* The problem
What is needed is an exact copy of the lines in the entries below from the one holding "工装效果图 - 效果图交流区-建E室内设计网" through the one holding "The Avengers by", pictures excluded.

* Exercise materials
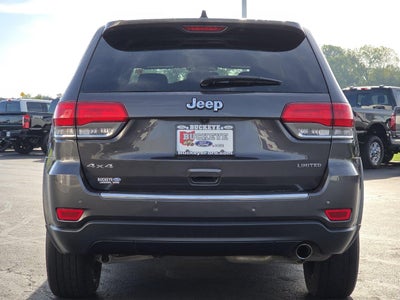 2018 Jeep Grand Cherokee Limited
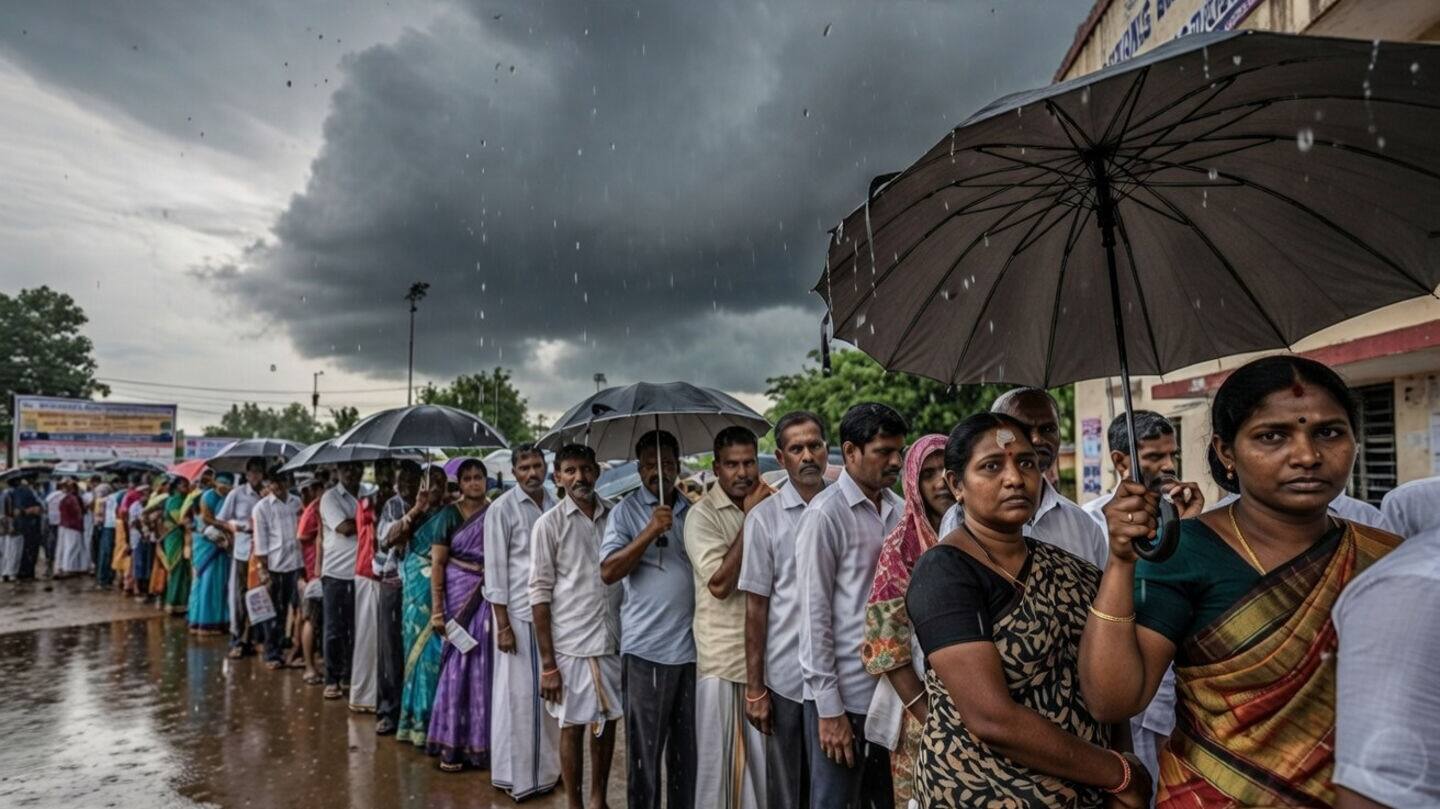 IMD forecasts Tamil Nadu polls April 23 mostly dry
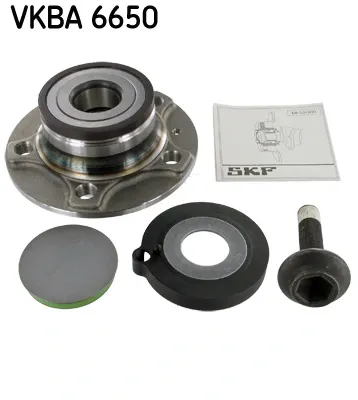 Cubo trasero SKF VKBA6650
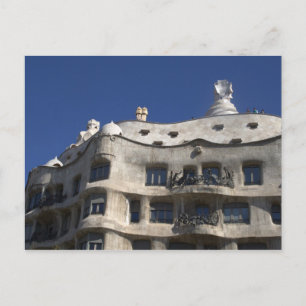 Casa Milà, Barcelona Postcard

---

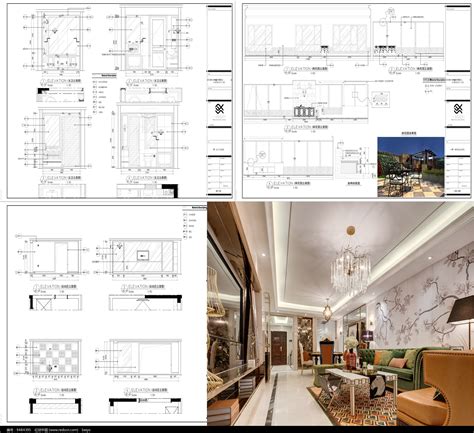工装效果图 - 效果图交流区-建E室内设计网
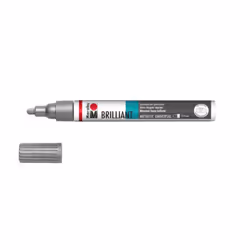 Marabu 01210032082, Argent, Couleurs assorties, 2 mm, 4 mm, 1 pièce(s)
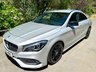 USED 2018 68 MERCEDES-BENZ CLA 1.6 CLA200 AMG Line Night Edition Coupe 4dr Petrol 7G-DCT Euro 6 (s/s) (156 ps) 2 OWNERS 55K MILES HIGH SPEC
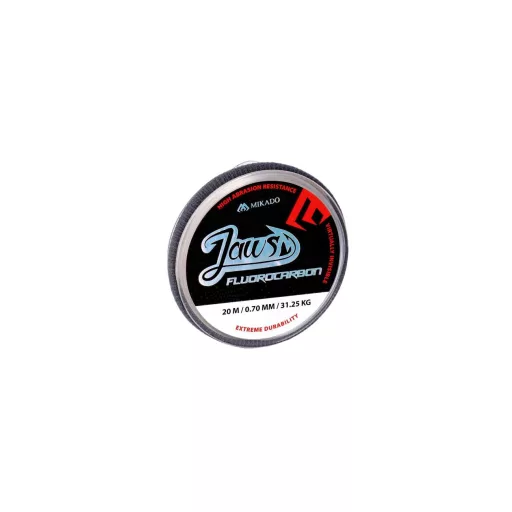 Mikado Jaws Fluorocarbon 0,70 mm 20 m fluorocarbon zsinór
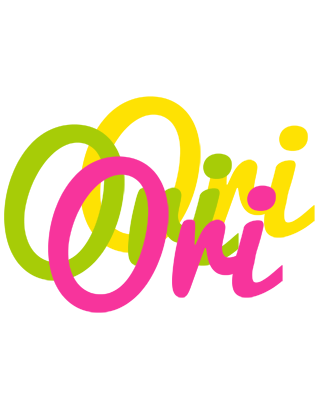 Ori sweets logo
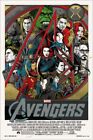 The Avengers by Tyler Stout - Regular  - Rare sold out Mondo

* Answer box
工装效果图 - 效果图交流区-建E室内设计网
 Marabu 01210032082, Argent, Couleurs assorties, 2 mm, 4 mm, 1 pièce(s)
 USED 2018 68 MERCEDES-BENZ CLA 1.6 CLA200 AMG Line Night Edition Coupe 4dr Petrol 7G-DCT Euro 6 (s/s) (156 ps) 2 OWNERS 55K MILES HIGH SPEC
 Mikado Jaws Fluorocarbon 0,70 mm 20 m fluorocarbon zsinór
 Ori sweets logo
 The Avengers by Tyler Stout - Regular  - Rare sold out Mondo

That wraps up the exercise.